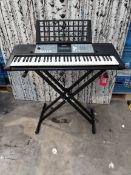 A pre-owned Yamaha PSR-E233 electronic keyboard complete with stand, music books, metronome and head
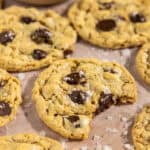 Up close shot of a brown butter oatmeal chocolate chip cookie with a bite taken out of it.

+++++

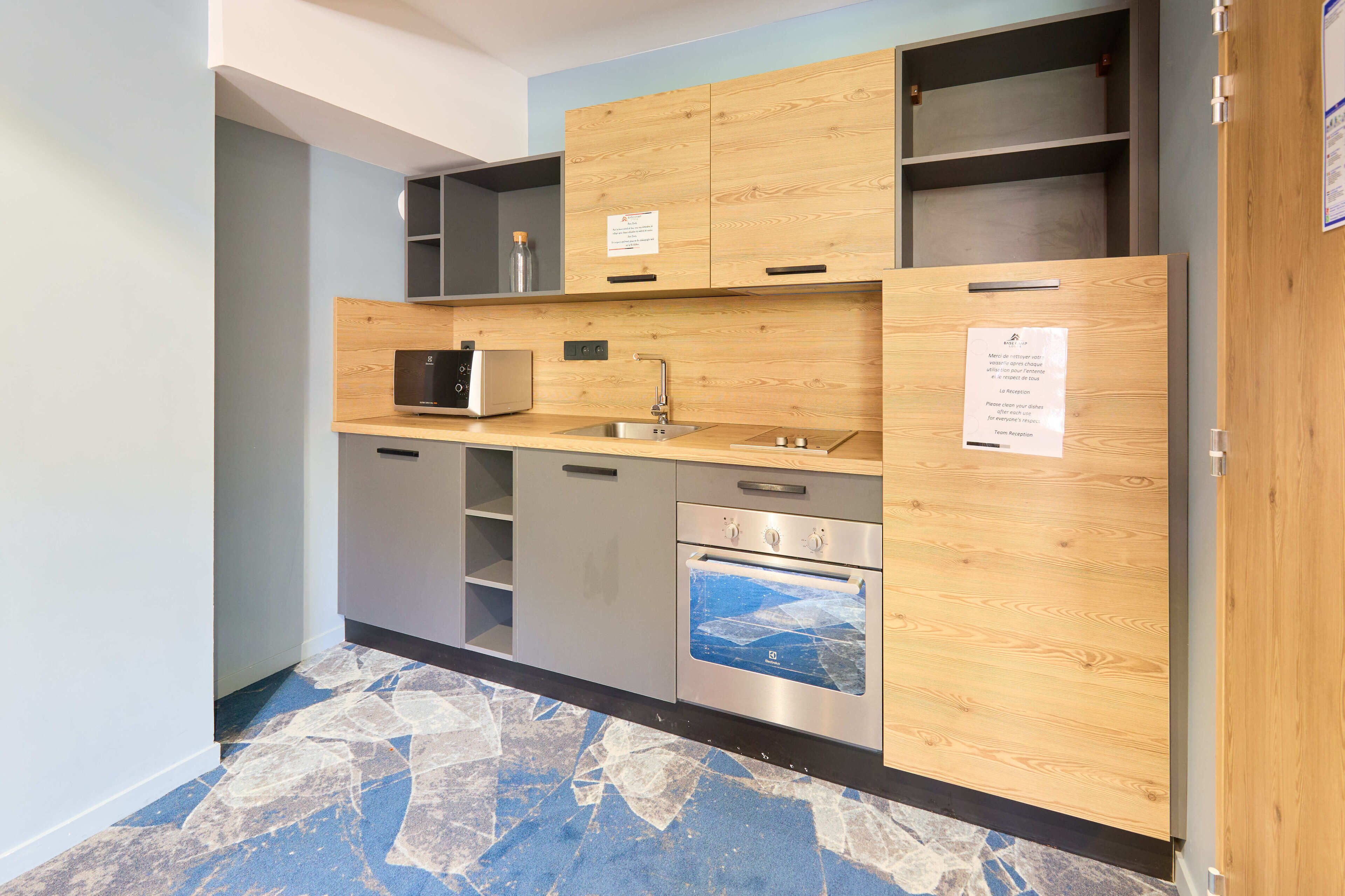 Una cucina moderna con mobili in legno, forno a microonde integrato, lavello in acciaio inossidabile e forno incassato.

+++++

▶ **Work required**
Repeat, word for word, the lines of the material above from the one holding "A pre-owned Yamaha" through the one holding "Up close shot". Leave out pictures.

▶ **Your response**
 A pre-owned Yamaha PSR-E233 electronic keyboard complete with stand, music books, metronome and head
 Up close shot of a brown butter oatmeal chocolate chip cookie with a bite taken out of it.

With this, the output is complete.